Waves of Cretans began arriving in Utah to work in numerous mines in the late 1800s. By the early 1900s there were thousands, working in such places as Price, Bingham and Carbon County. From their arrival, the Cretans (and all Greeks) were discriminated against by the established laborers in the region.
They received lower wages and were often given the most dangerous jobs to perform. The Cretans were the most rebellious of the immigrant groups, often involved in strikes, working as strike-breakers and forced to carry their own arms to protect themselves.They were also known throughout the region as the expert moonshine makers.
A strike in 1922 in Carbon County strike exploded in violence. The Cretans were the most militant group after one of their men was killed by a deputy sheriff. Union activity and, particularly, striking was condemned as un-American and immigrants who participated in these activities were characterized as ingrates and unfit for American citizenship.
The Ku Klux Klan targeted the Cretans and all Greeks in increased campaigns against them in 1922-23. The Klan burned crosses in Salt Lake City and in the industrial towns and camps, marched down streets, sent threatening letters to businessmen, and rampaged through Greek stores in Helper, Utah and forced out the American waitresses and clerks and warned them not to work for Greeks.
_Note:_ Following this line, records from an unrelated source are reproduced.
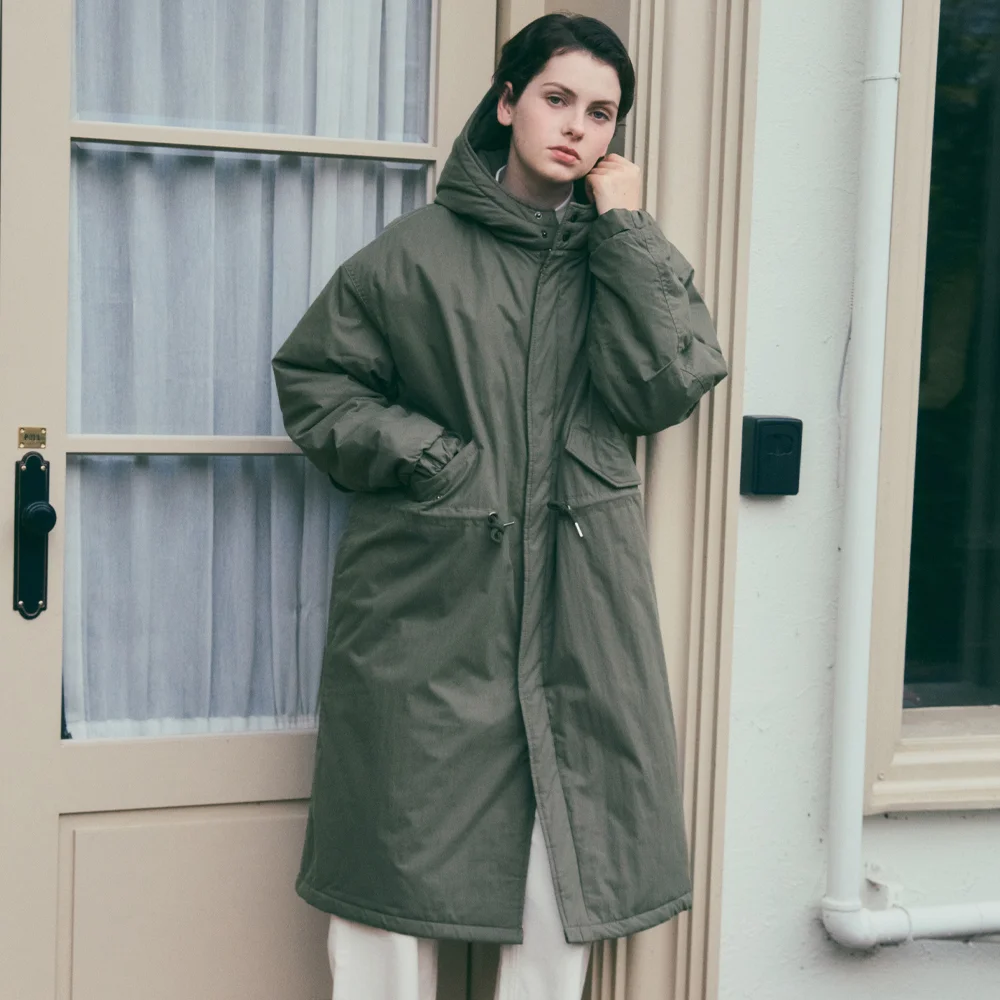 W/M-65 FishTail Hooded Jacket Padded Coat_KHAKI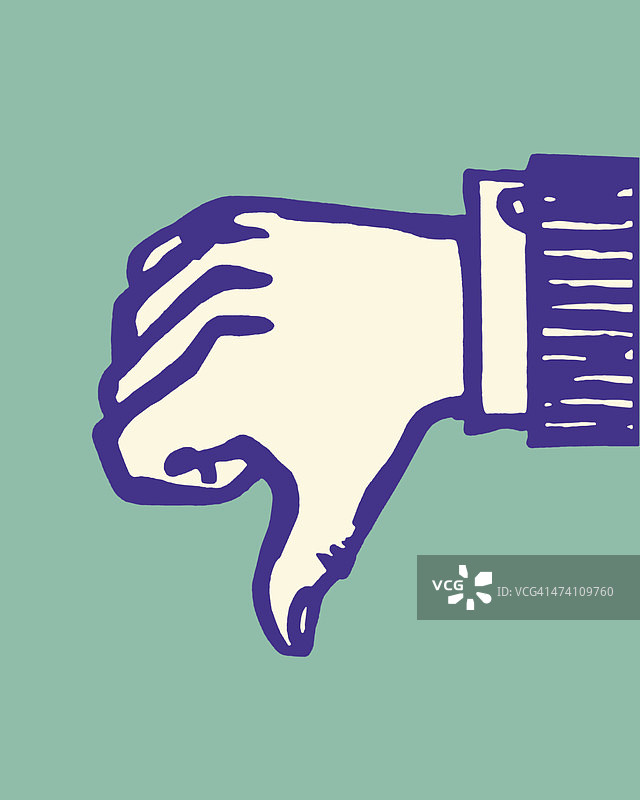 拇指向下图片素材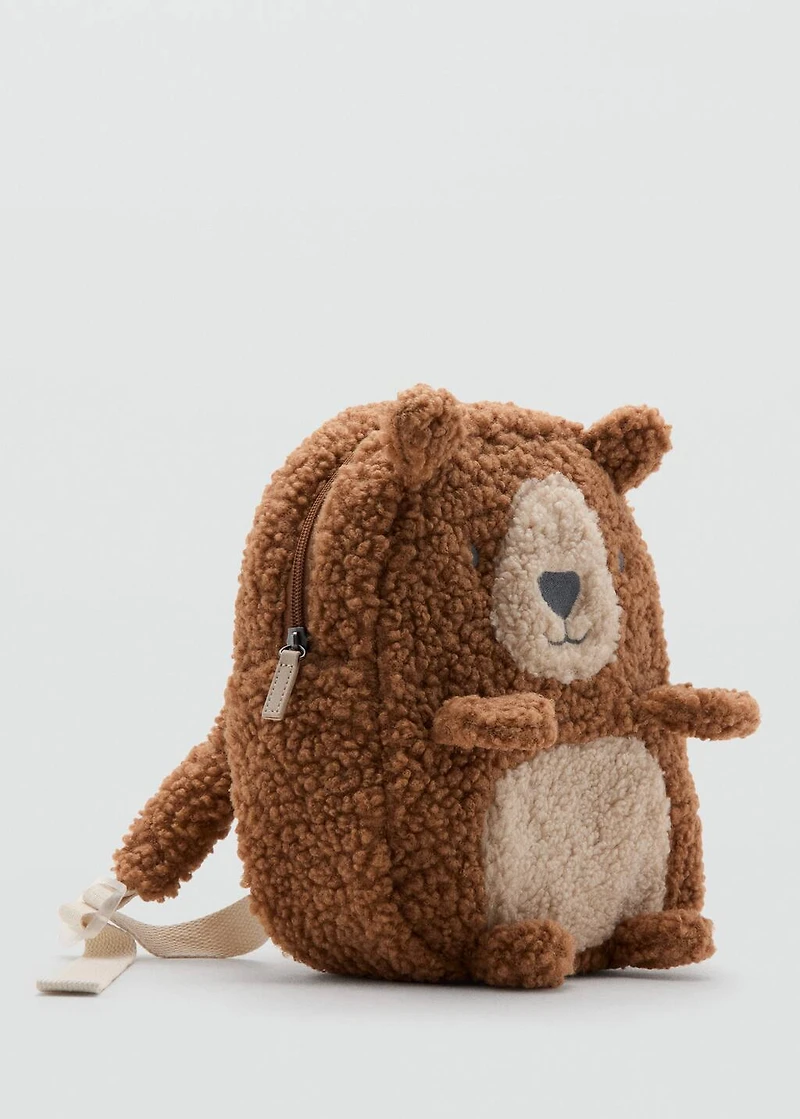 Sheepskin bear backpack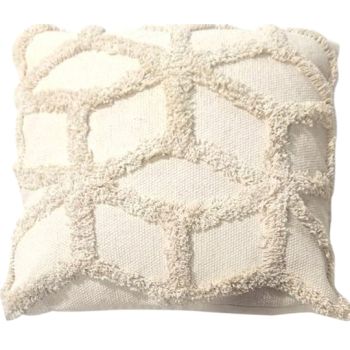 White woven cushion cover 45x45cm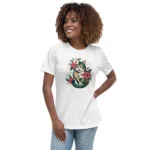 Tropical Floral Cat Mom Relaxed T-Shirt | Bella + Canvas 6400 - Image 16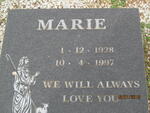 LOTTER Marie 1928-1997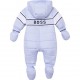 Niebieski kombinezon niemowlęcy Hugo Boss 004832 - ocieplone futerkiem kombinezony dla dzieci - sklep odzieżowy euroyoung.pl
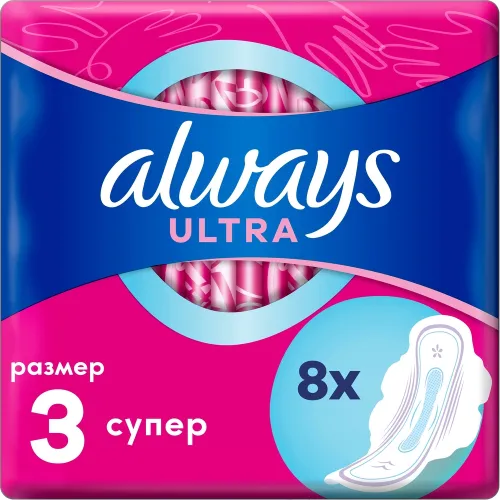 Прокладки гигиен Always Ultra Super Plus Single 8шт Procter & Gamble Венгрия
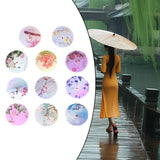 Maxbell Chinese Oiled Paper Umbrella Oriental Parasol for Holiday Stage Show Wedding Style A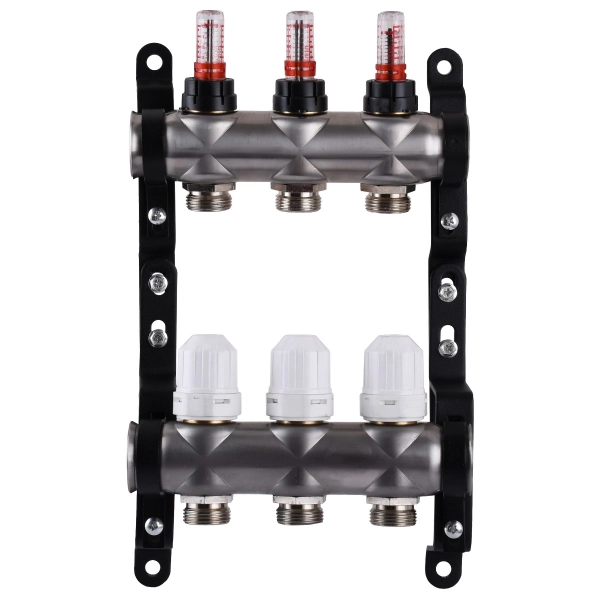 Коллектор теплого пола ECO Technology 3/4"х25 НН 3-ой с  ...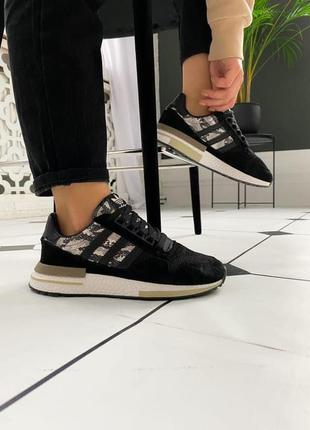 Женские кроссовки adidas zx 500 rm black como  ⁇  smb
The Cretans organized their community and formed an association called “Minos” in Salt Lake City, Utah, on July 5, 1918, as an independent, mutual aid, philanthropic, progressive and educational organization.
Like most early Cretan associations formed throughout the nation, the goal of Minos was to assist fellow Cretans with financial assistance and support cultural and philanthropic endeavors relating to their community.